RE: The Truth about Leftists
Oh, and I define authoritarianism as the concept that you are not in control of yourself.
If you feel compelled to act a certain way by an outside source, you are no longer in control. Many of these outside sources are not quite authoritarian, but many are, in subtle, complex ways.
Religions, society itself, and most certainly governments, are all very authoritarian.
Not only that, but moral codes, ethical codes, social norms, and other common behavior, including language itself, and what words are available to use freely, are authoritarian in nature, because having them or not having them alters our behavior.
If our behavior is a person walking in a straight line, each aspect of authoritarianism shoves that person in another direction.
In the real world, most leftism IS authoritarianism, and is therefor "right", not left.
For leftism to have a useful meaning, it needs to be against authoritarianism, while rightism must be for authoritarianism, which does include subjectively good things like law and order.
The only reason leftism looks like trash is because it attracts many punky "rebels", who end up growing up and becoming rightists. Only their rightism is concealed because they call themselves left. Only as a label.
True leftism is always pro-freedom, and anti-authoritarian.
Seeing left or right as good or evil is the weakness.
You must see each idea as it truly is, without the labels or bullshit.
Wisdom is understanding both sides of a subjective ideal, and realizing that neither side is objectively good or true.
I read your article. Animals commit rape, murder, theft, etc. all the time in nature by the definition that we human beings give to those words. This is pretty obvious, and considering that human beings are also part of nature, in a purely biological sense, we are animals. However, human beings are the only animals that are capable of empathy, which is why human beings are the only animals who are capable of rape, murder, theft, etc. Evil (intentionally causing suffering unnecessarily) is an offshoot of empathy, if I know what hurts me, I know what will hurt you. A lion may attack you, eat you while you're still alive, and kill you slowly, but you can't call this evil, the lion is just eating. If a human being was to do the same action, it is evil, because he or she knows what he or she is doing, the human being can imagine the suffering he or she is causing because he or she can imagine it being done to him or her.
Also, I noticed in your article that you included things like cheating as part of immoral acts. This is not really the case. In the case of cheating, it is a breach of a contract between partners, it is not immoral as it is unaesthetic. The only immoral acts are those committed against the self-ownership of another. If I were to punch myself in the face, it is not evil because no one has a higher claim to my body and life than me because no one can literally use my body and life but me. Someone can threaten me and force me to do something, but ultimately the only one that can control my body and life is me. The immoral act if someone was to threaten me to force me to do something, is the threat and the actions of the other person. He or she is attempting to control something through force that he or she has no claim to.
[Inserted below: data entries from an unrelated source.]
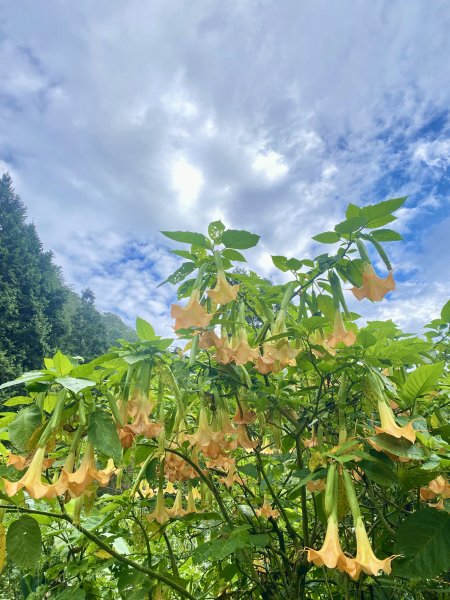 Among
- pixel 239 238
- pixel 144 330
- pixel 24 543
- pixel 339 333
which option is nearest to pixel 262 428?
pixel 339 333

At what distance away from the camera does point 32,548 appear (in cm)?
99

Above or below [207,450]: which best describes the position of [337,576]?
below

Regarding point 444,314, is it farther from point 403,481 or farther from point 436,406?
point 403,481

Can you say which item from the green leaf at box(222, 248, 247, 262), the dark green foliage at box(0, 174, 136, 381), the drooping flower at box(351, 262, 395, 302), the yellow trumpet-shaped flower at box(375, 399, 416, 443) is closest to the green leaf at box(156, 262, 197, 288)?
the green leaf at box(222, 248, 247, 262)

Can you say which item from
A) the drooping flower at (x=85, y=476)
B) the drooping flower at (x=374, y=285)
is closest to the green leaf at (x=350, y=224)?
the drooping flower at (x=374, y=285)

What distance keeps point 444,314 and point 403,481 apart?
2.44ft

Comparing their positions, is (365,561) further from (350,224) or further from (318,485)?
(350,224)

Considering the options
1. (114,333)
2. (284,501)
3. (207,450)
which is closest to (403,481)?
(207,450)

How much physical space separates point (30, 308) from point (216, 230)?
28528mm

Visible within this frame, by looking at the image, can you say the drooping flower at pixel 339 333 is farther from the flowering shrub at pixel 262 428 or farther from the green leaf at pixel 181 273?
the green leaf at pixel 181 273

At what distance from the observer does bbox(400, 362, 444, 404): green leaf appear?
980 millimetres

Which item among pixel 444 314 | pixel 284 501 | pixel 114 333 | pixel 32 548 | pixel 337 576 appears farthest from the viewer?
pixel 114 333

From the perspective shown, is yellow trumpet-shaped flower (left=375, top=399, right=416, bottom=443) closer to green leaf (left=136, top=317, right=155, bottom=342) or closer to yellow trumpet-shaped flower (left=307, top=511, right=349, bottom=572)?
yellow trumpet-shaped flower (left=307, top=511, right=349, bottom=572)

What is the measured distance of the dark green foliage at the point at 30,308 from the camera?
24.7 meters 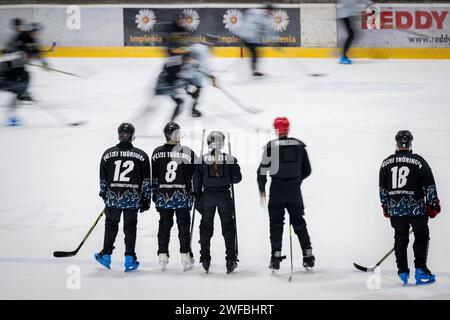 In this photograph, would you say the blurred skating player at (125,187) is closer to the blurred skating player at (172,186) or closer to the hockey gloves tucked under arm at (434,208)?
the blurred skating player at (172,186)

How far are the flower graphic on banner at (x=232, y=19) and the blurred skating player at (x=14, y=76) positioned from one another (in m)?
5.90

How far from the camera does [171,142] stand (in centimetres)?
965

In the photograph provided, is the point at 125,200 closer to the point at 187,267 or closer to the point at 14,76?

If two partners are in a relationship, they have a contract between them of what is expected out of the relationship. If one of the partners was to decide to cancel the contract, all that needs to be done is to cancel the contract (basically just saying I don’t agree to this deal anymore, we need to renegotiate or part ways). If one of the partners decides to breach the contract, it may be a shitty thing to do, but it is not immoral, there was no violation of the self-ownership of the other person, only a breach of contract.
"If one of the partners decides to breach the contract, it may be a shitty thing to do, but it is not immoral, there was no violation of the self-ownership of the other person, only a breach of contract."
I'd call that immoral, according to my moral code.
The fact that you disagree means that your moral code is different.
Because I've seen evidence that people often perpetually disagree on right/wrong, I'll say that neither of us is objective right.
Your moral code is made up by you, and mine is made up by me.
That's why you don't agree with me, and I don't agree with you.
Nothing is wrong with this.
It just means that morality is subjective.
A human being eating/ killing a chicken is not the same as a human being eating/ killing another human being because of what makes us different from a chicken, empathy. Since human beings are the only animals capable of this, they are able to reciprocate morality for each other, treat someone the way you want to be treated or at least don't treat someone in a way that causes suffering. I may be able to do this for an animal, but an animal is incapable of reciprocating. Like it or not, in a purely objective sense, the lives of human beings are more valuable than the lives of other animals because human beings are capable of morality, other animals are not. You are arguing that morality is not universal, but the only morality is that which is universal. Like you said, some cultures may believe that eating other animals is wrong or even that eating certain plants is wrong (Jainism), however ALL of those cultures would agree that killing a human being is wrong, that makes this universal. I believe what you are calling your moral code are your values (not saying there is anything wrong with living according to your values), true morality is always universal.
People don't go to war, governments do. If 99 percent of people thought murder was OK, it would still be immoral. Are you saying what is right and wrong depends on how many people agree with you? I don't think a bird spends it's life dreaming of the slaughterhouse or of anything else, it isn't capable of it. It obviously experiences pain, if you think it's wrong to eat a chicken, don't eat the chicken, that's between you and the chicken, it has nothing to do with me or any other person.